Die öffentliche Hand spielt, wie man sieht, als Bauherr immer noch und weiterhin eine wichtige Rolle für die Entstehung qualitätvoller Architektur. Dass auch private Bauherren für eine gut gestaltete Umwelt einstehen, zeigen die ausgezeichneten Firmensitze und Geschäftshäuser: Am IHK-Gebäude von Wulf Architekten lobt die Jury die „elegante Leichtigkeit“, an der Baufirma Köhler in Besigheim von Wittfoht Architekten, dass ihr Neubau geradezu ein „Musterbeispiel für zeitgemäßen Verwaltungsbau“ sei. Hugo-Lorbeer auch für das Kärcher-Areal in Winnenden von Reichel Schlaier: „Durch prägnante Architektur von formaler und inhaltlicher Qualität ist hier ein Ort mit hoher Identität entstanden, der den innovativen Geist des Unternehmens spüren lässt.“

Auf kleinem Raum viel Platz

Auch Wohnhäuser und Wohnanlagen haben es aufs Treppchen geschafft, darunter die Aktivhaus-Siedlung in Winnenden von Werner Sobek, an der sowohl die Außenräume als auch „der schonende Umgang mit dem Energieverbrauch bei der Herstellung und im Gebrauch“ überzeugten. Der Wohnhaus-Winzling F9 auf dem Haigst von Zoll Architekten gefiel dagegen, weil er auf kleinster Grundfläche viel Platz für eine Familie mit drei Kindern bietet.

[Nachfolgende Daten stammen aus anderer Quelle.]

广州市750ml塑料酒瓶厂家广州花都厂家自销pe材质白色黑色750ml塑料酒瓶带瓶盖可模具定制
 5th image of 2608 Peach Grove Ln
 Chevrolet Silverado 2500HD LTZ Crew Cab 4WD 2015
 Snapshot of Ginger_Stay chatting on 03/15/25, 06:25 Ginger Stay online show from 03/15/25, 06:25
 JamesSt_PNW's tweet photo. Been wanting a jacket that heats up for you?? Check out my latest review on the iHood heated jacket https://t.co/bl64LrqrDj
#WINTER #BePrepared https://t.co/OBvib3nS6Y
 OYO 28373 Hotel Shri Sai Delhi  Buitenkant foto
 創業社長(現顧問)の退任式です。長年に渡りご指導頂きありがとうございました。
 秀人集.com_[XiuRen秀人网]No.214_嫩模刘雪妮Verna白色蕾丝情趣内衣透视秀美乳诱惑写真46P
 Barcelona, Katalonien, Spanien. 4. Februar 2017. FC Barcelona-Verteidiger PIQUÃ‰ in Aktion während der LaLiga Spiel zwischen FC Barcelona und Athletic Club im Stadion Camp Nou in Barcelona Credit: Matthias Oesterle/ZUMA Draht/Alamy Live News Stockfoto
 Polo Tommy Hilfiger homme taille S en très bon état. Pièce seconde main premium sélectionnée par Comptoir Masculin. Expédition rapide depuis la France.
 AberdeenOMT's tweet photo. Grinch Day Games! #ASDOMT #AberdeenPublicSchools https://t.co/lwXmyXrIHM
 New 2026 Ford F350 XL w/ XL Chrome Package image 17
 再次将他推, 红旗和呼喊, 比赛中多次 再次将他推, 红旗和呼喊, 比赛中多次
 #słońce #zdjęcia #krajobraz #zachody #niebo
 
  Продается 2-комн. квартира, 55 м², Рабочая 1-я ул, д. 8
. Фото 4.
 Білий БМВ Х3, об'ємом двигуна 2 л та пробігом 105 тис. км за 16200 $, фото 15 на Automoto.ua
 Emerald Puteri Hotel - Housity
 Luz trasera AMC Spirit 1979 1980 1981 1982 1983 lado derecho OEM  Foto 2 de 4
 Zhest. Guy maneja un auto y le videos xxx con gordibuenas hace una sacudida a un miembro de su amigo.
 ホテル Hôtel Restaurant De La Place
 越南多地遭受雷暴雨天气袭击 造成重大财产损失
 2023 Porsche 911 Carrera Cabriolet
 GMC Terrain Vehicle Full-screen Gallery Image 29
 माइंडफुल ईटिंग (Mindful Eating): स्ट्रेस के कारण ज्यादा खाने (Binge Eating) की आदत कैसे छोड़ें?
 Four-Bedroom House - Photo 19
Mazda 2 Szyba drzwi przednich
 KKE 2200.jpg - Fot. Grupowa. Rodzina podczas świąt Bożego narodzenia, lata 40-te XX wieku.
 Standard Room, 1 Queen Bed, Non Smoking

Und schließlich konnte auch das Gebäude vor den Augen der Jury bestehen, das in der vergangenen Woche einen wahren Besucheransturm erlebt und nun als Ort der Hugo-Verleihung seine erste Bewährungsprobe bestanden hat: das zum Stadtmuseum umgebaute Wilhelmspalais von Lederer, Ragnarsdóttir, Oei. Zwar könne man über den radikalen Umgang der Architekten mit dem Nachkriegsbestand streiten, schreiben die Fachleute, fraglos sei im Inneren aber „ein funktional und gestalterisch überzeugender Museumsbau von gediegener Qualität“ entstanden.

Im nächsten Jahr gehen alle jetzt in den BDA-Kreisgruppen mit dem Kleinen Hugo prämierten Projekte in die zweite Runde des Wettbewerbs. Dann werden auf Landesebene die Besten der Besten gekürt, Stichwort: Großer Hugo.